NewModel uses the railway comparison again to argue that ATC can be automated. Does his argument hold water? Or, more generally, should ATC be automated? In fact, the answer is simple: if automation brings advances in safety, capacity, economy and environmental exhausts - yes, it will happen.

NewModel brings a demonstration model where everything fits. However, a demonstration model demonstrates potential but does not prove any advance in safety, capacity or economy. Also the NewModel is far from unique, as claimed by New Model. PPrune moderator has already made the correct reference:
I am sure I saw such a system at Bretigny Sur Orge in the mid 1990s.
Valuable concept development since the mid nineties has been abundant. In the US we have witnessed the rise and fall of the 5 billion $ NAS modernisation project of the nineties, a managers and engineers dream intended to replace ATCO's in the wake of the PATCO sackings (this was before the UAL pilot ignited the Free Flight discussion, which also took millions of $). European R&D culminated in the common PHARE project, demonstrating the potential of automated arrival management and conflict detection/resolution.

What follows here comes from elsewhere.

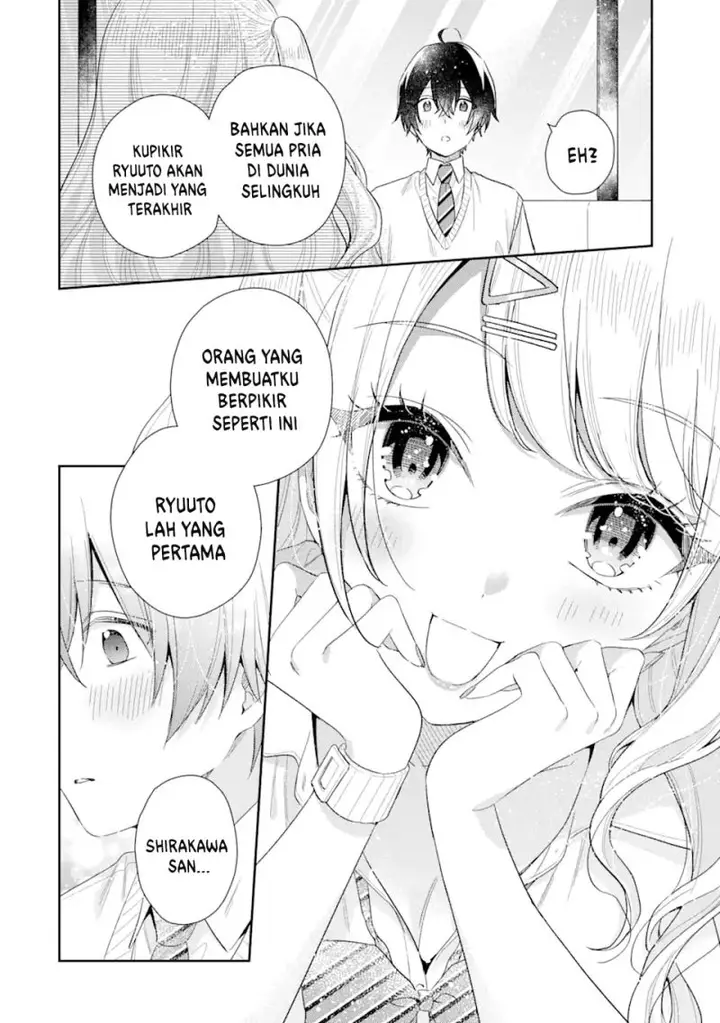 image-komik-keiken-zumi-na-kimi-to-keiken-zero-na-ore-ga-otsukiai-suru-hanashi-chapter-9.1-10/19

Since PHARE, specifications for Basic and Advanced ATC Functions (of the type that one can see demonstrated in the NewModel), including all important HMI, have continuously been upgraded in international forums and demonstrated in various models, at Eurocontrol's Bretigny, CENA in France, NATS and Qinetiq research in UK, DLR in Germany, NLR in the Netherlands, NASA and MITRE in the US. I will not go into the detail of all the resulting demo products. Many contributions to this thread mention them and they can be seen at aviation exhibitions and on websites.

The pan-European Flight Data Processing project where NewModel got involved in was the eFDP. Now he claims
Laugh out loud if you like but I AM one of the most knowledgeable people in FDP systems. How was it that nobody else on the eFDP project had ever worked on an FDP implementation?
A lot can be said of eFDP and its political fate and breakdown into three national or regional projects (VAFORIT in Germany, SACTA in Spain and UK, and the French/Italian project, with Eurocontrol's Maastricht and East European CEATS staying on the fence), but it is blatantly untrue for anyone to claim that nobody in eFDP ever worked on an FDP implementation. Scandalously untrue even. I will not publish the names and coordinates in a forum like this but I have them available.

One might say that those with real FDP implementation experience were on the conservative side and were not ready to include the advanced functions which are now in the NewModel, but that is something else. There was also political clout because contributing National Administrations preferred to develop their own systems, which also seems to be NewModel's line of thinking where he says
what is NATS worth if another ANSP realises the potential
Surely, NewModel has demonstrated the usefulness of automated advanced functions. But his dream of getting included in John Steinbeck's hall of fame of inventors should be challenged and is in fact counterproductive. NewModel is just one of those, an engineer building on the common experience of many, many others. He would do better to keep acknowledging this, as he still used to do two years ago in previous posts
The New Model draws on the conclusions of projects such as ERATO and CORA
ATC automation is a continuous process where we are all cogs in a wheel which is put in motion by the need to improve safety, to gain capacity, economical benefits and the necessary contribution to diminish the ever more threatening exhausts in our atmosphere. The NewModel is a good contribution to show the way ahead and I hope its demonstrations will contribute to convincing managers, engineers and ATCO's that their systems should evolve in this direction.

Having said this, it seems necessary to add that, as long as there is no closed loop between FMS and FDPS, automation in ATC will not be able to go any further than automated assistance to ATCO's, who will continue to be the pivot of ATC. Only when FMS and FDPS exchange data and intent, the role of the ATCO can evolve further.